** Extracted data follows **

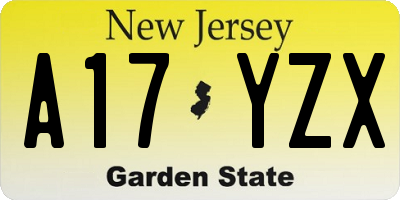 NJ license plate A17YZX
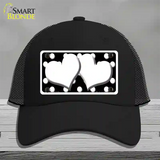 White Black Polka Dot Black Center Hearts Novelty License Plate Hat Mesh / Black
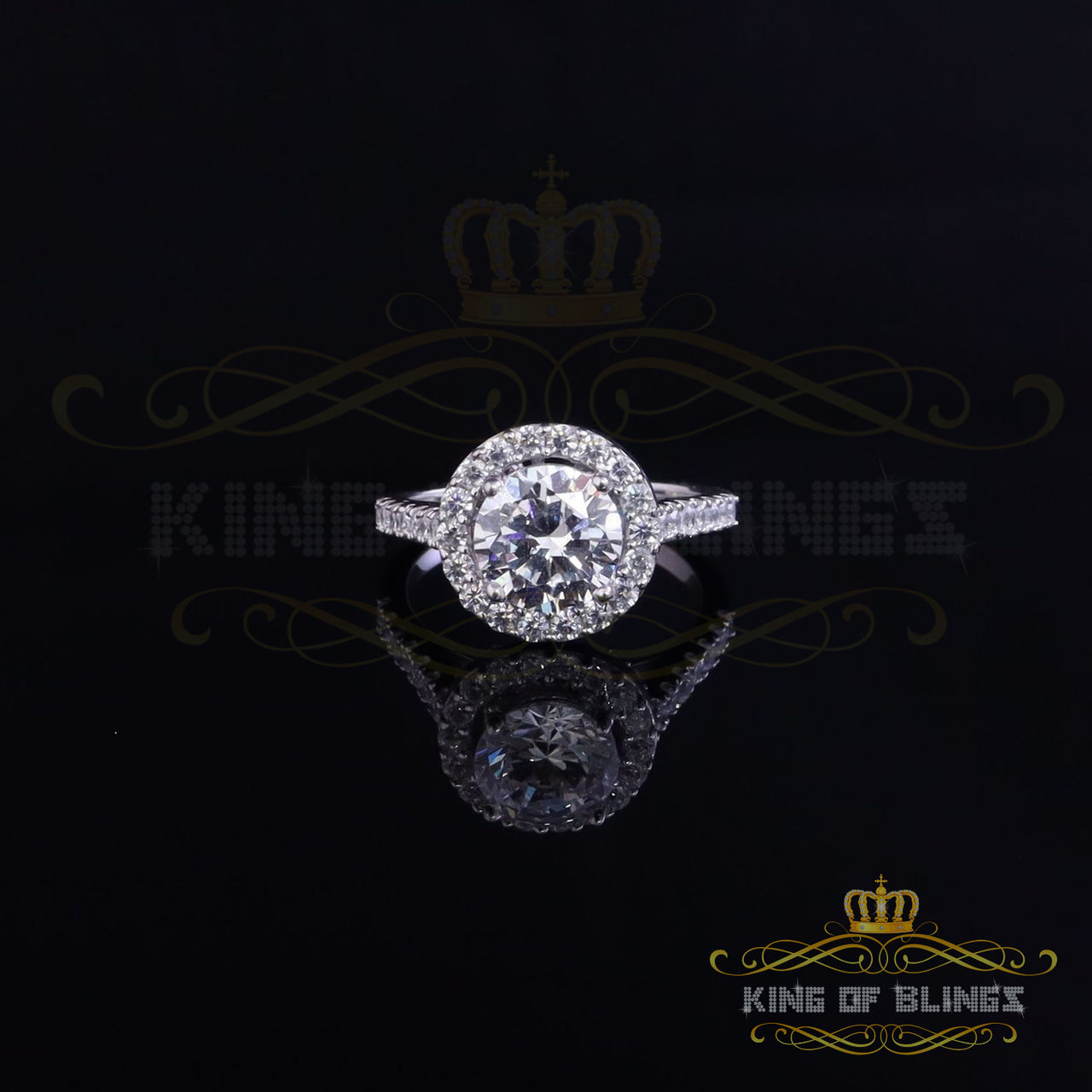 King Of Bling's4.70ct Cubic Zirconia Sterling White Silver Round Wedding Womens Ring Size 7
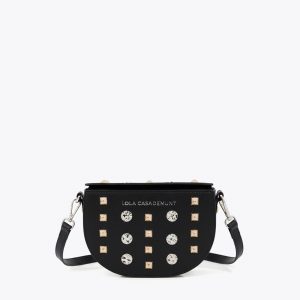 LOLA CASADEMUNT LS2604051 Banana bag con tachas oro y plata NEGRO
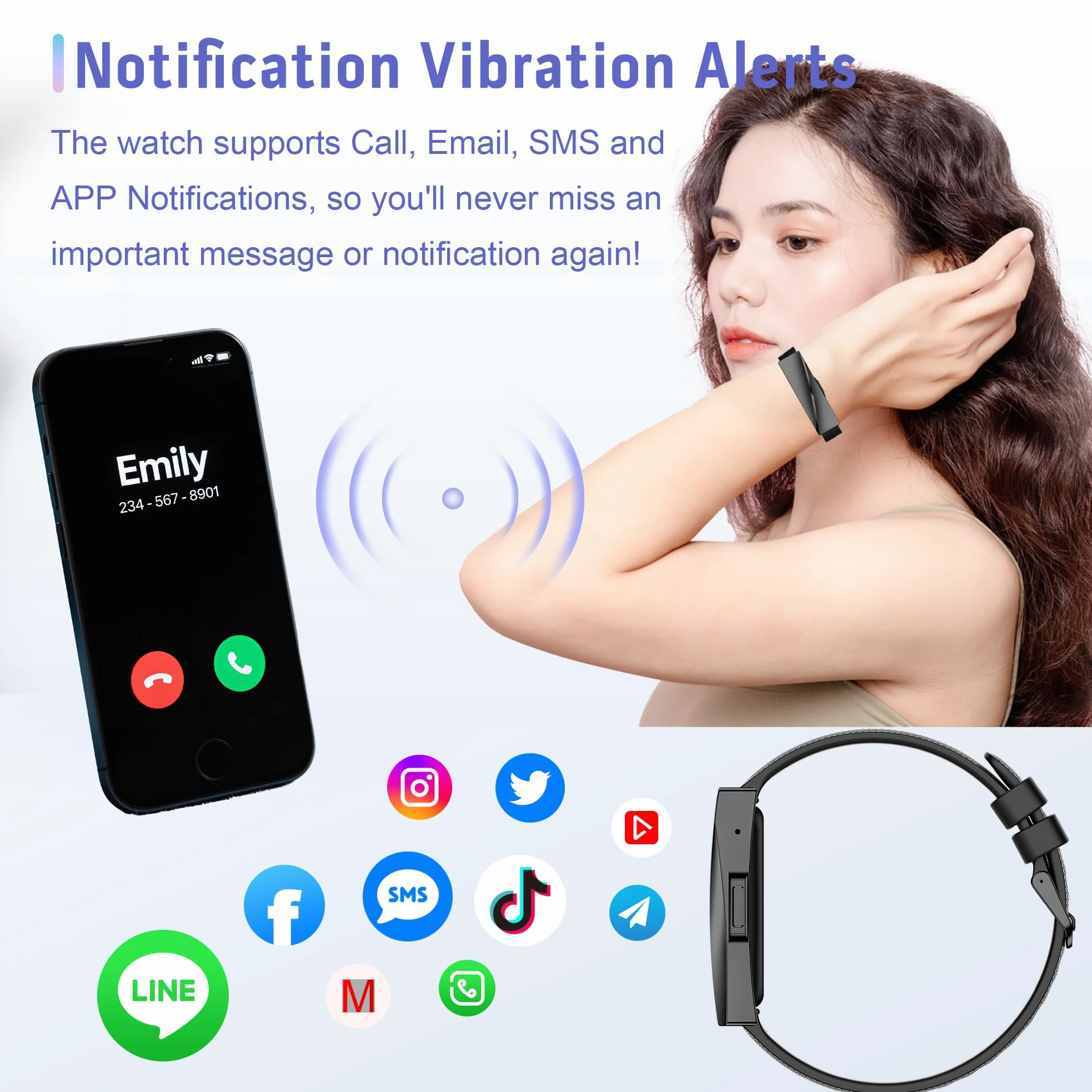 Reloj Deportivo con 170 Deportes, Podómetro Reloj Inteligente Mujer | gps pulsera actividad, notificaciones bluetooth, monitor de sueño, frecuencia cardíaca, spo2, impermeable para android/ios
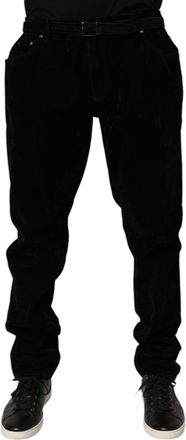 Dolce & Gabbana Mens Slim Fit Denim Jeans Black Cotton Viscose Elastane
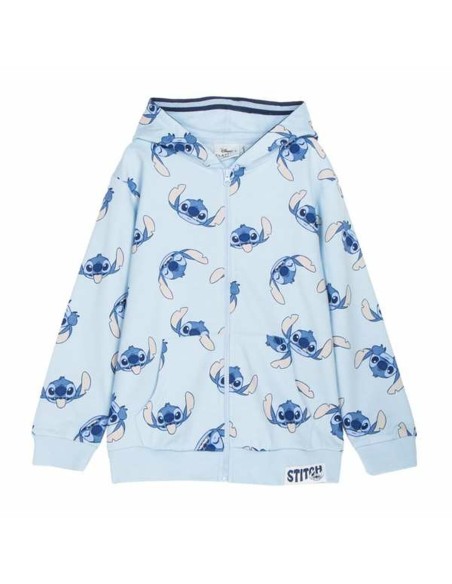 Hooded Sweatshirt for Girls Stitch Light Blue
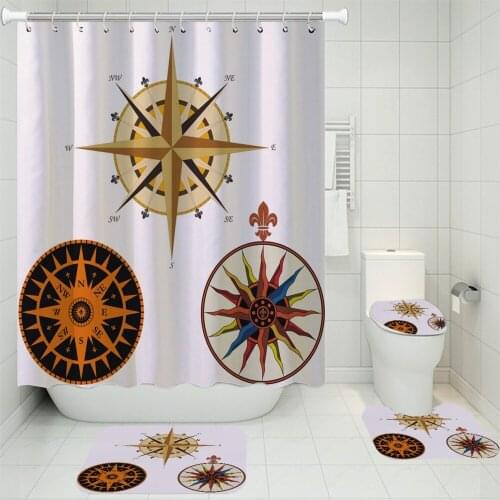 3/4 Pieces Circle Compass Shower Curtains Sets Nautical Artifact Carpet 3D Print Toilet Mat Direction Tool For Bathroom Set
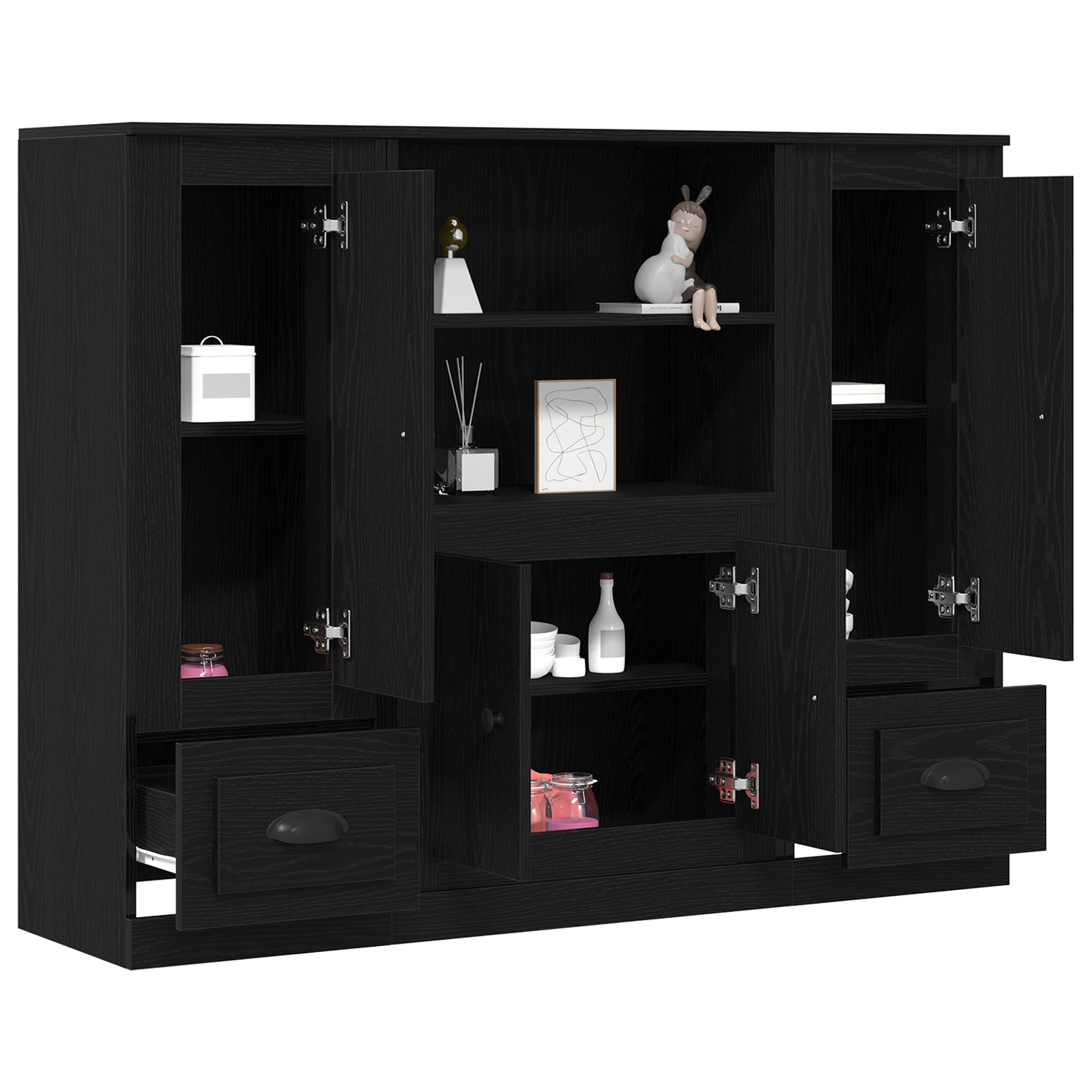 vidaXL Hoge kast 132x35,5x103,5 cm bewerkt hout zwart eikenkleurig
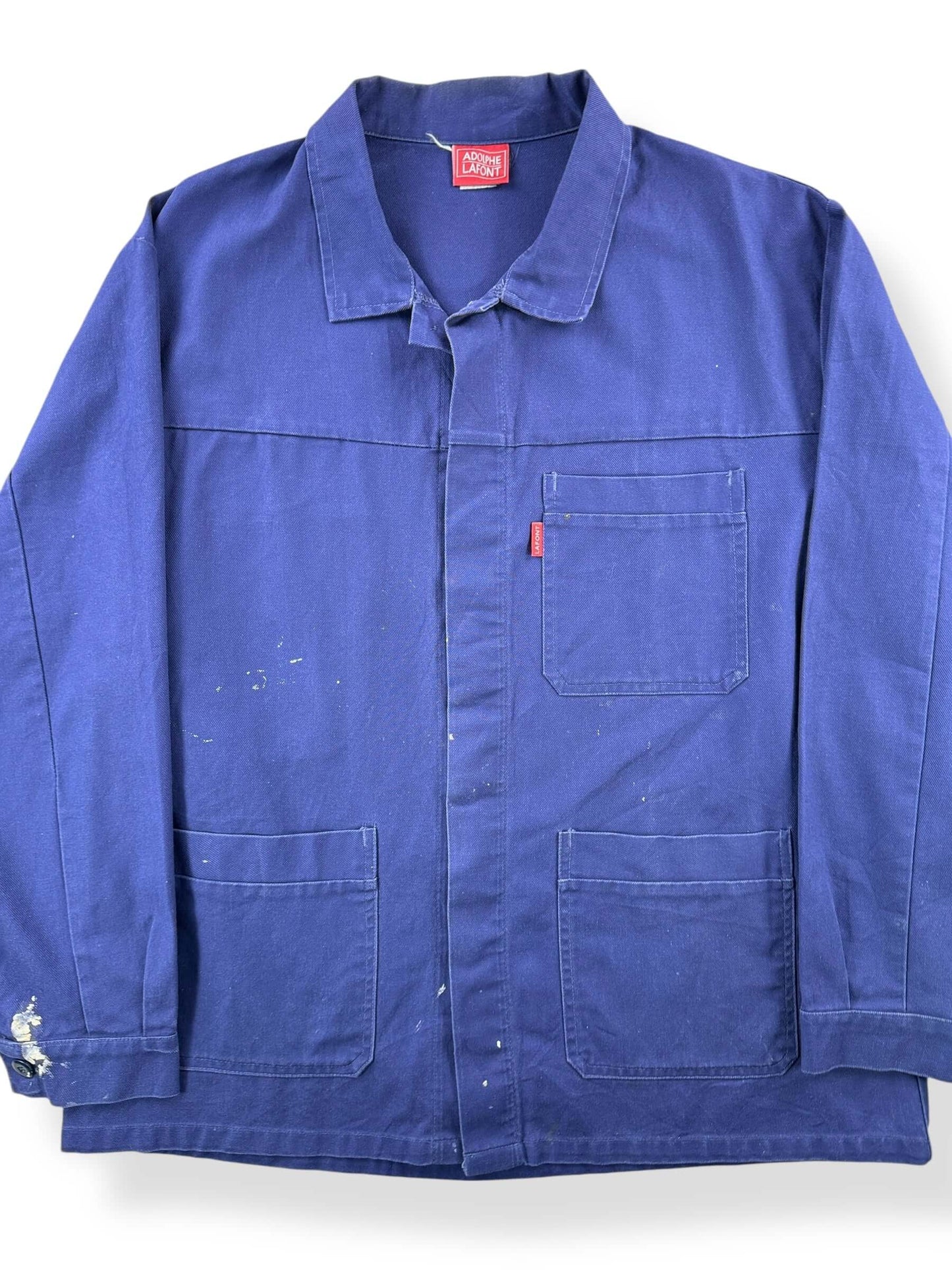 Front Close Up of Vintage Adolphe Lafont French Chore Coat SZ XL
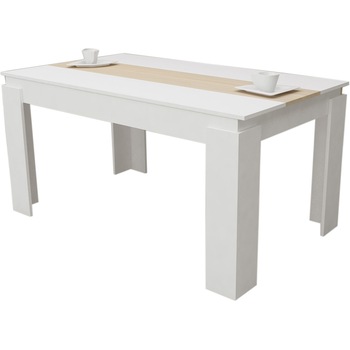 Masa Sufragerie Sani Viki 3, Alb/Stejar Sonoma Masa Sufragerie Sani Viki 3, Alb/Stejar Sonoma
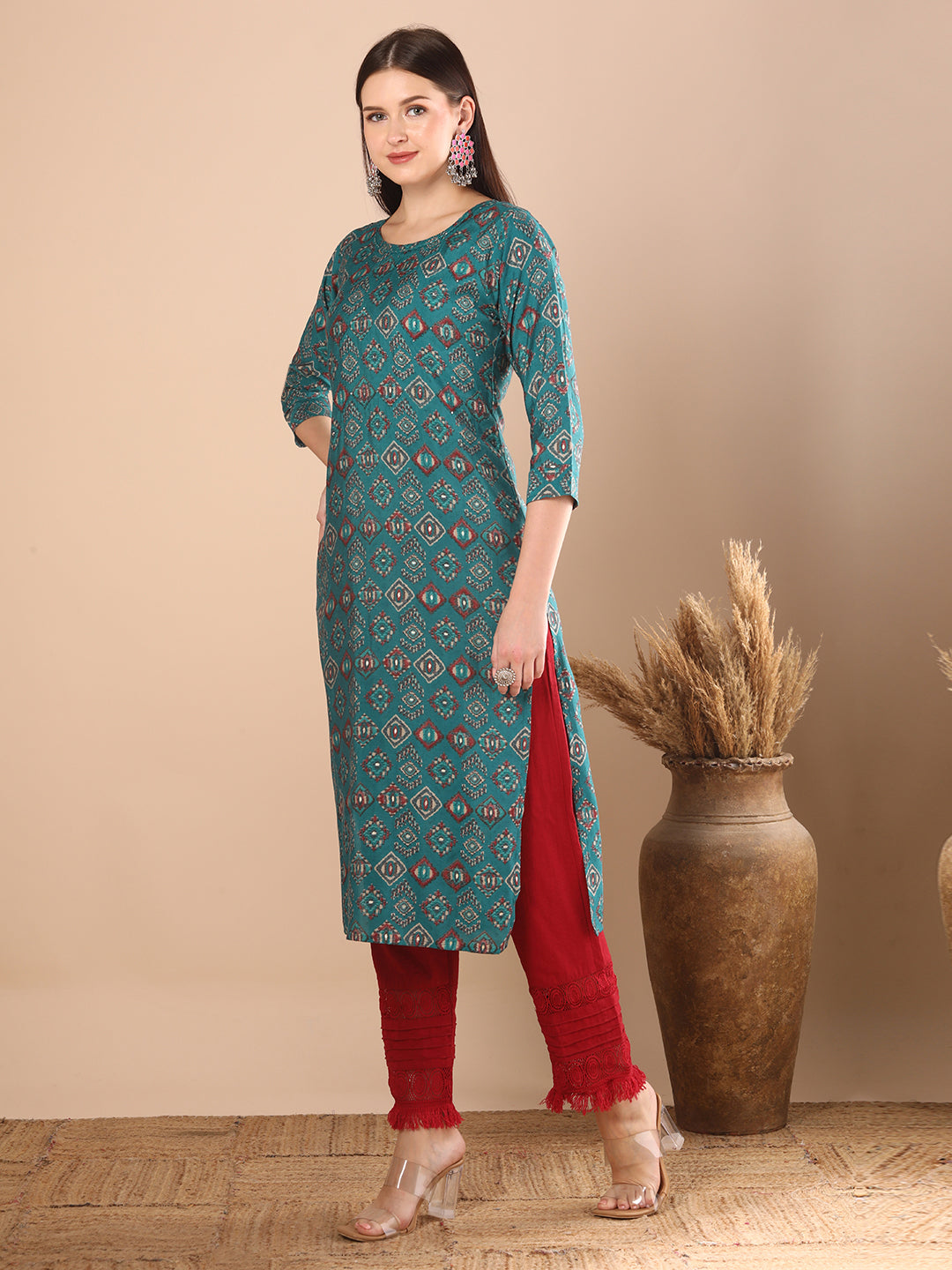 Ethnic Geometric Printed & Embroidered Straight Fit Kurta -Teal Blue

** End of Extracted data **

Print all records verbatim, excluding pictures.

 NJ license plate A17YZX
 White Black Polka Dot Black Center Hearts Novelty License Plate Hat Mesh / Black
 King Of Bling's4.70ct Cubic Zirconia Sterling White Silver Round Wedding Womens Ring Size 7
 LOLA CASADEMUNT LS2604051 Banana bag con tachas oro y plata NEGRO
 Reloj Deportivo con 170 Deportes, Podómetro Reloj Inteligente Mujer | gps pulsera actividad, notificaciones bluetooth, monitor de sueño, frecuencia cardíaca, spo2, impermeable para android/ios
 Dolce & Gabbana Mens Slim Fit Denim Jeans Black Cotton Viscose Elastane
 Hooded Sweatshirt for Girls Stitch Light Blue
 3/4 Pieces Circle Compass Shower Curtains Sets Nautical Artifact Carpet 3D Print Toilet Mat Direction Tool For Bathroom Set
 vidaXL Hoge kast 132x35,5x103,5 cm bewerkt hout zwart eikenkleurig
 Front Close Up of Vintage Adolphe Lafont French Chore Coat SZ XL
 Masa Sufragerie Sani Viki 3, Alb/Stejar Sonoma Masa Sufragerie Sani Viki 3, Alb/Stejar Sonoma
 Ethnic Geometric Printed & Embroidered Straight Fit Kurta -Teal Blue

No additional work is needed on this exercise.